Go's concurrency model makes metrics collection straightforward. You increment a counter in a request handler, and a separate scraper goroutine reads it later. The only requirement is thread safety. You protect shared state with mutexes or atomic operations so the scraper never reads a torn value.
Numbers are only useful if they survive concurrent access. Protect the state, and the graphs will follow.
A thread-safe counter from scratch
Here's the simplest custom metric: a counter that tracks successful requests using atomic operations.
package main
import (
"sync/atomic"
)
// RequestCounter tracks successful HTTP requests using atomic operations.
type RequestCounter struct {
// atomic.Int64 guarantees lock-free, thread-safe increments and reads.
count atomic.Int64
}
// Increment adds one to the counter without blocking other goroutines.
func (c *RequestCounter) Increment() {
// Atomic add avoids mutex contention under high request volume.
c.count.Add(1)
}
// Value returns the current count for scraping or logging.
func (c *RequestCounter) Value() int64 {
// Atomic load ensures the scraper sees a complete, consistent value.
return c.count.Load()
}
The struct holds a single atomic.Int64. The Increment method bumps the value. The Value method reads it. Both operations complete in nanoseconds. You can call Increment from hundreds of concurrent request handlers without introducing lock contention. The scraper calls Value on a timer and formats the result.
Atomic operations work beautifully for simple counters and gauges. They break down when you need labeled metrics or complex aggregations.
Go convention prefers short receiver names that match the type. The receiver is named c for RequestCounter. Use (c *Counter) not (this *Counter) or (self *Counter). This keeps method signatures readable and consistent with the standard library.
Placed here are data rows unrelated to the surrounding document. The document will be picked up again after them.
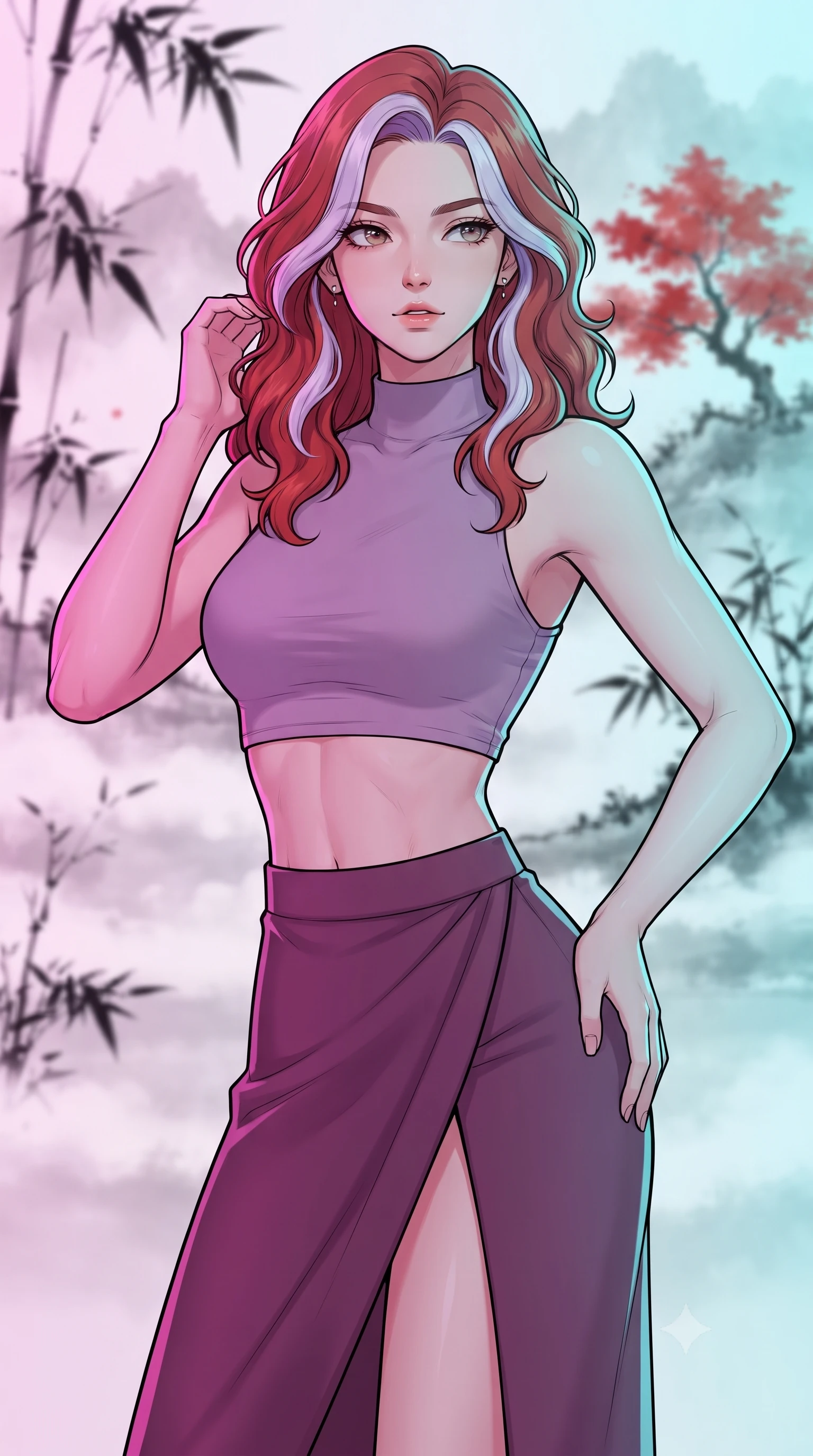 score_9, masterpiece, best quality, ultra-detailed, high-budget anime keyframe, gorgeous anime illustration, with clean line-art and distinct ink outlines, Caucasian woman, strictly human ears. close-up cowboy shot from the waist and thighs up, the character dominates the composition, filling the frame with her large presence, background elements kept in soft focus. Gazing past the camera with an air of effortless superiority. set against a soft-focus background of standing in a valley that looks like a traditional ink-wash painting, with black bamboo silhouettes, white mist hovering in the air, and a single red maple tree providing a splash of color. She has an exceptionally elegant and slender, willowy female figure with an ultra-slim waist, a gracefully sculpted slender torso, and a refined slim physique. sharp v-shaped jawline, high-bridge nose, intricate jewel-like eyes with depth, thick eyelashes, glossy lips with a natural sheen. wearing a high-neck crop top in lavender, paired with a matching high-waisted wrap skirt in plum with a front slit. dual-tone lighting with hot magenta from the left and cool cyan from the right. 2k, ultra detail, master piece, 9:16 ratio, vibrant anime color palette, detailed cel-shading with soft gradients, rich contrast, dynamic lighting, 2d animation style
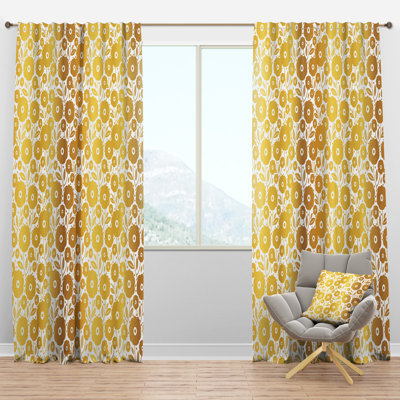 Golden Floral I - Abstract Curtain - Velvet Room darkening - 1 panel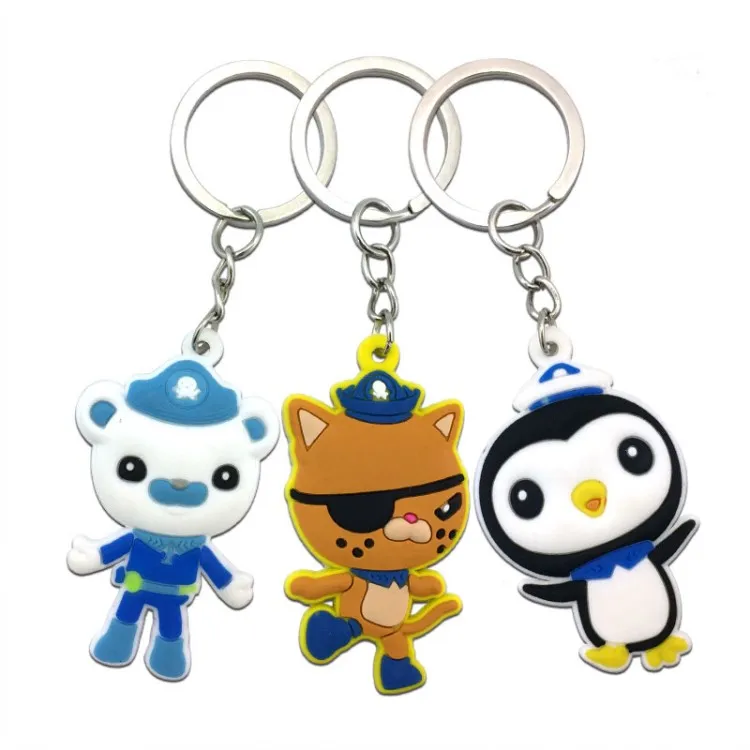 Шт. 3 шт. мультфильм Octonauts ПВХ брелок Дети вечерние подарок сувениры ключ чехол для женщин сумка телефон цепь ремней ювелирные изделия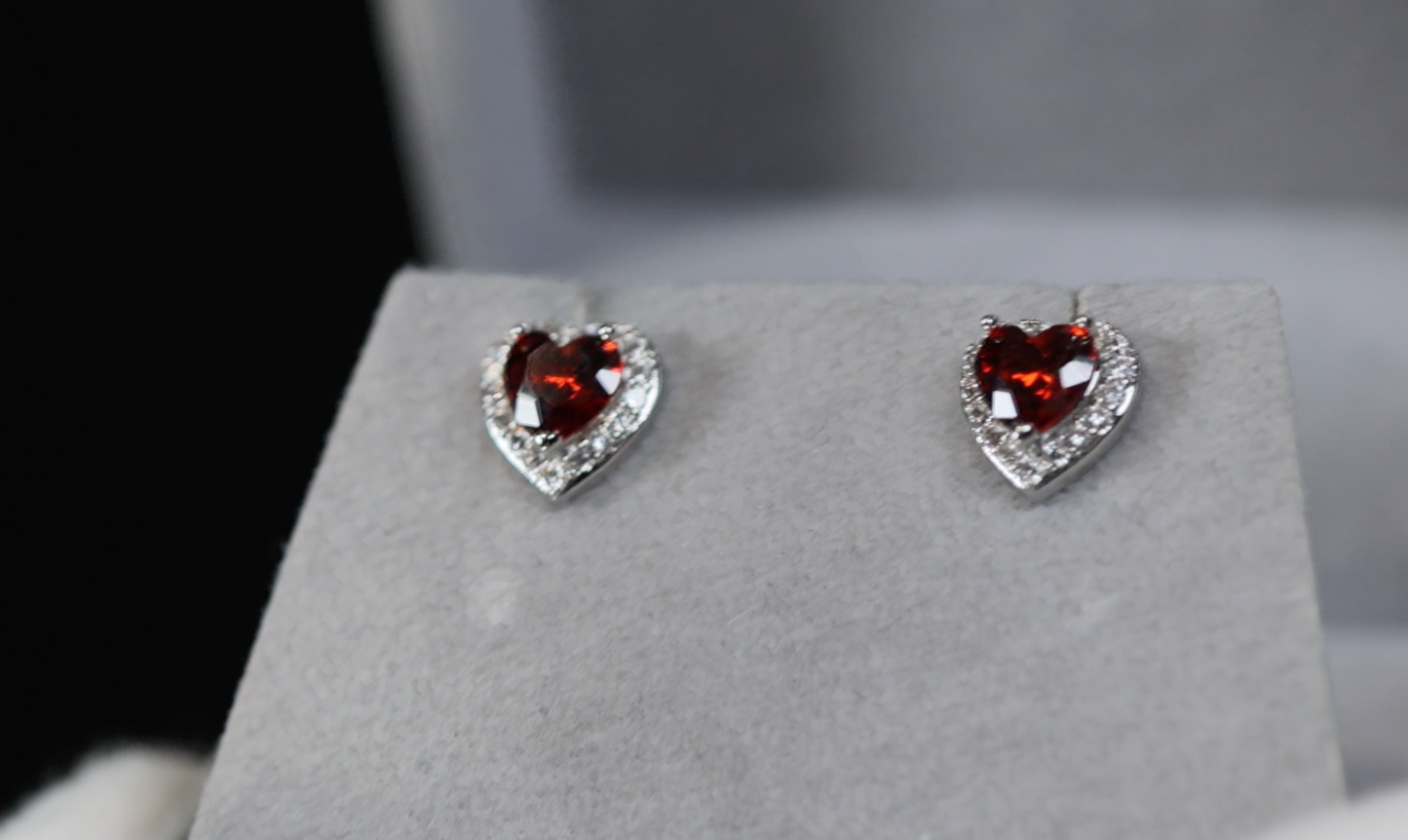 Red Heart Cut Diamond Earrings | Heart Ear Studs | Womens Red Diamond Ear Studs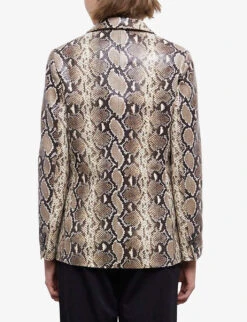 THE KOOPLES Python-effect Single-breasted Leather Blazer -Ted Bakee Fashion Shop R04154629 PYT04 ALT03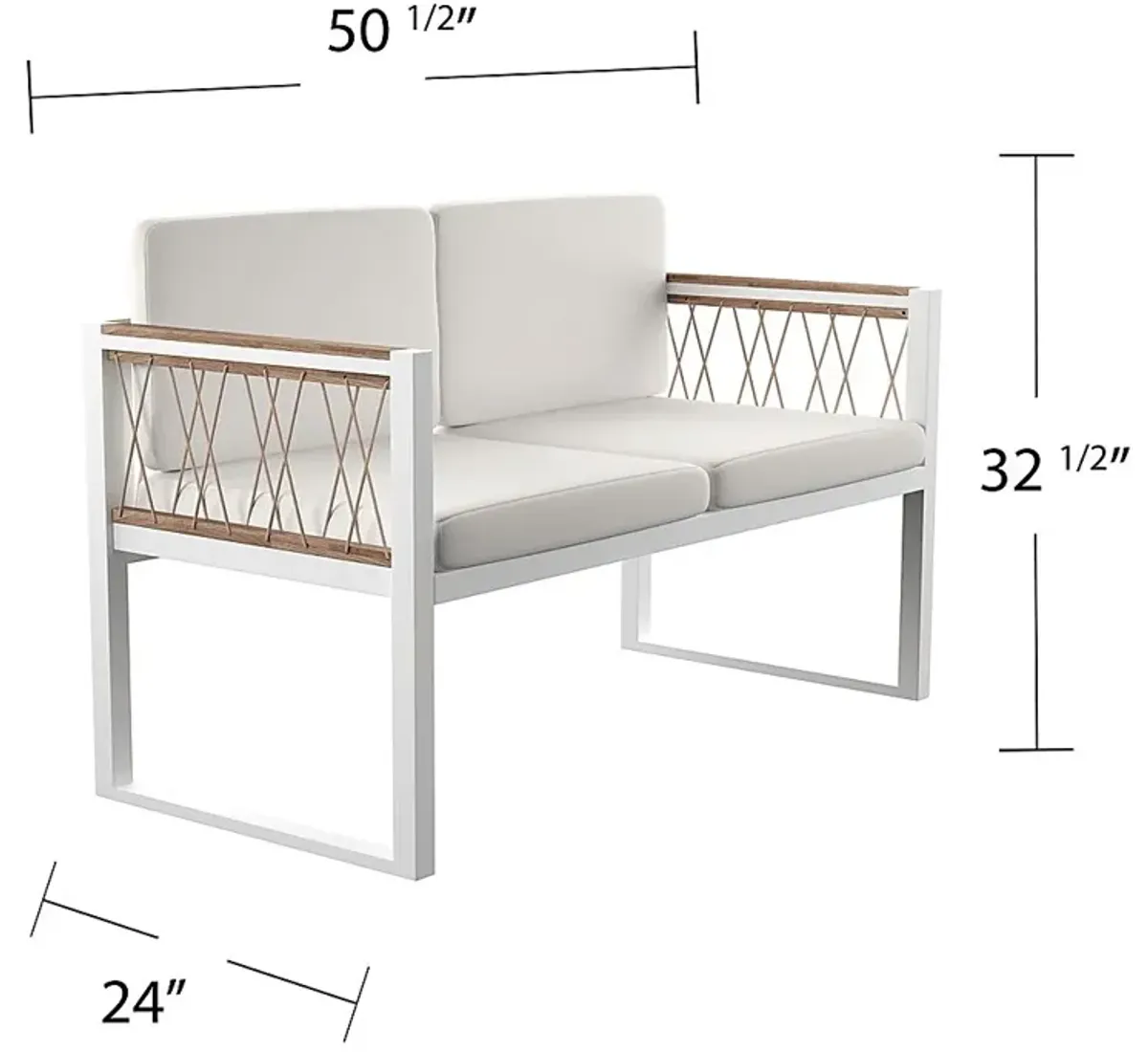 Outdoor Aldwell White Loveseat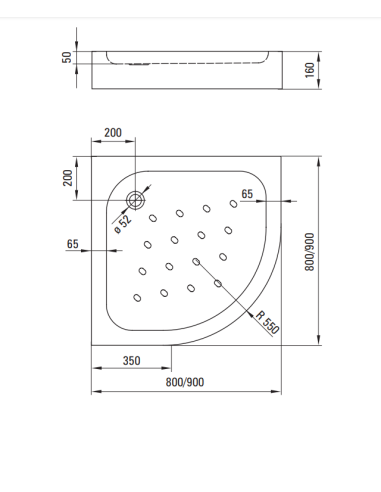 Dušas paliktnis akrila 90x90cm, KTA_053B, Funkia - 2
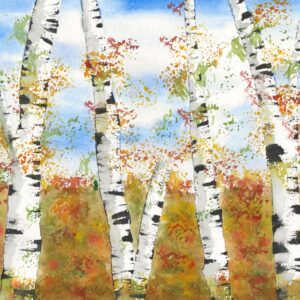 Watercolor painting of birch trees with white bark and black markings, surrounded by autumn foliage under a blue sky with scattered clouds. - Spruced Studio Upscale Workshop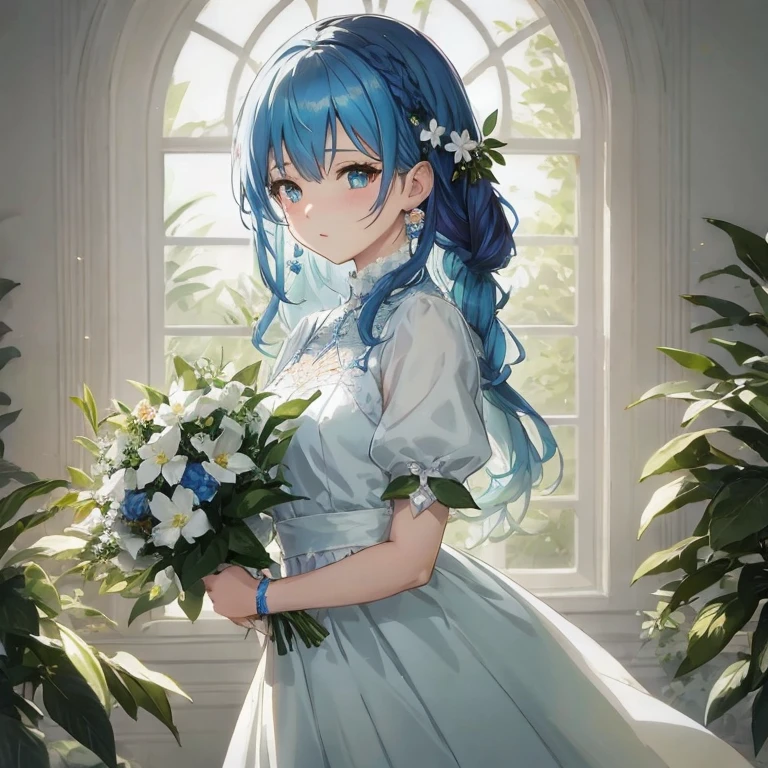 Anime girl with blue hair and blue dress holding bouquet of flowers, Cute anime waifu in a nice dress, guweiz, artwork in the style of guweiz, in dress, guweiz on pixiv artstation, anime moe art style, guweiz on artstation pixiv, with flowers, Beautiful Anime Portrait, Beautiful anime girl, rem rezero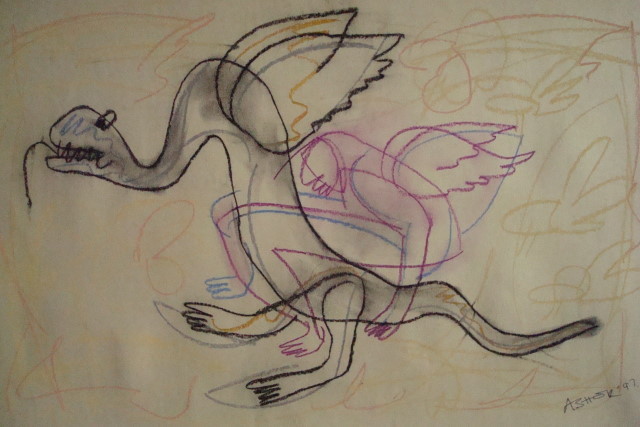 Artist Ashok Kumar. 'FlyingStranger' Artwork Image, Created in 2000, Original Drawing Pencil. #art #artist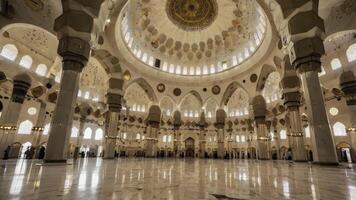 Grand Mosque Interior with Dome and Columns Reflecting on Marble Floor photo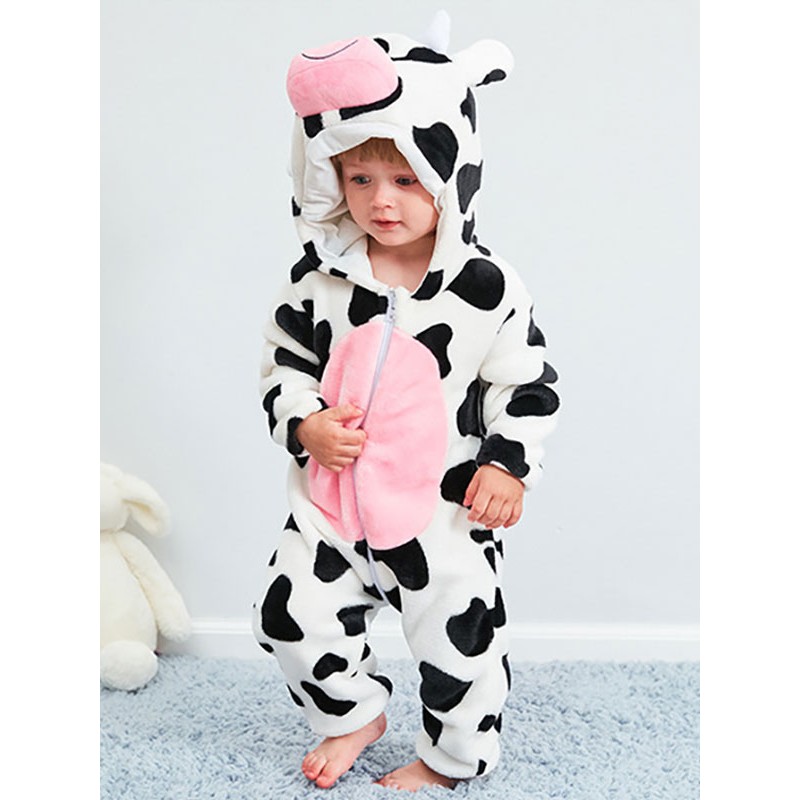 Onesie Kigurumi Pajamas For Kids Polyester Cow Pattern Pajamas Costume Spring Fall Halloween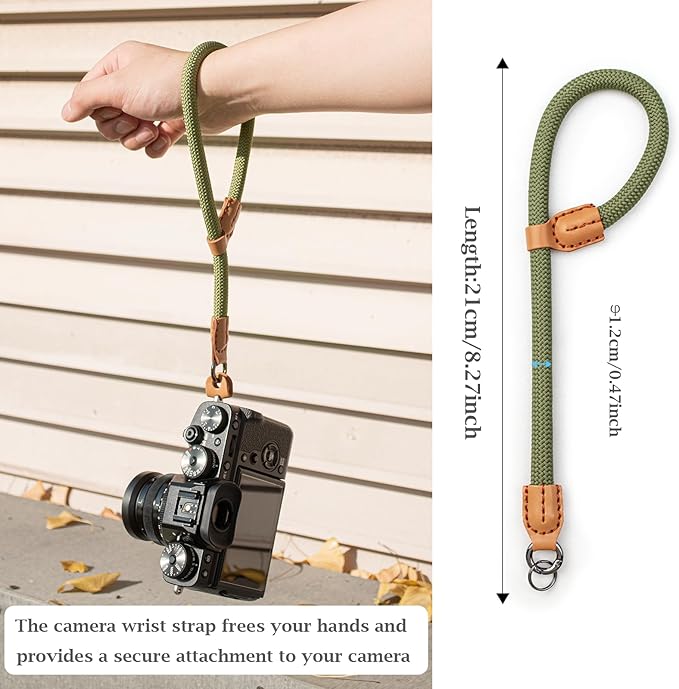 VOVMOEYA Rope Camera Wrist Strap,Camera Hand Strap Compatible with A6400 A6000 A7 IV,for Fujifilm X100V for Nikon Zf Z30 for Canon EOS R6 R7 R8 R10 Camera Wrist Straps for dslr - Green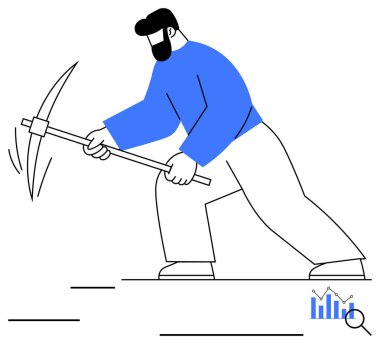 Analitik ve grafik simgeleriyle eşleştirilmiş bir kazma sallayan işçi. Temalar için idealler sıkı çalışma, veri madenciliği, inatçılık, büyüme, strateji, üretkenlik, başarı. Düz basit metafor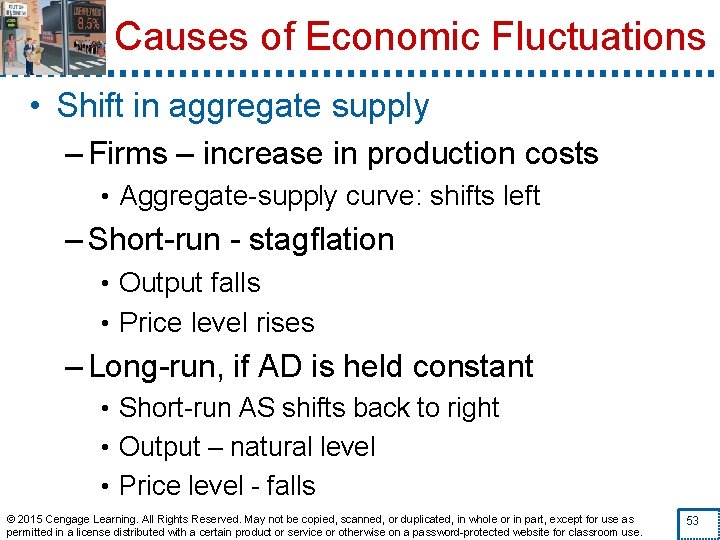 Causes of Economic Fluctuations • Shift in aggregate supply – Firms – increase in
How the runtime handles the load
When your service receives a request, the HTTP router dispatches it to a handler. The handler runs in its own goroutine. If you increment a metric inside that handler, you are modifying shared state from multiple goroutines simultaneously. Without synchronization, the CPU might read a partially written value, or two increments might overwrite each other. The race detector will catch this during testing and print a warning like WARNING: DATA RACE followed by the stack traces of the conflicting goroutines.
Atomic operations solve the problem by using CPU-level instructions that guarantee indivisible reads and writes. A mutex solves it by blocking other goroutines until the critical section finishes. For a single counter, atomics win on performance. For a registry of dozens of metrics with dynamic labels, a mutex or a dedicated client library wins on maintainability.
Go's scheduler does not care that you are updating metrics. It treats the atomic instruction like any other memory operation. The cost is negligible compared to network I/O or database queries. You can safely instrument hot paths without worrying about the scheduler stalling.
The scheduler yields to I/O, not to atomic math. Keep the critical section small, and the pipeline stays full.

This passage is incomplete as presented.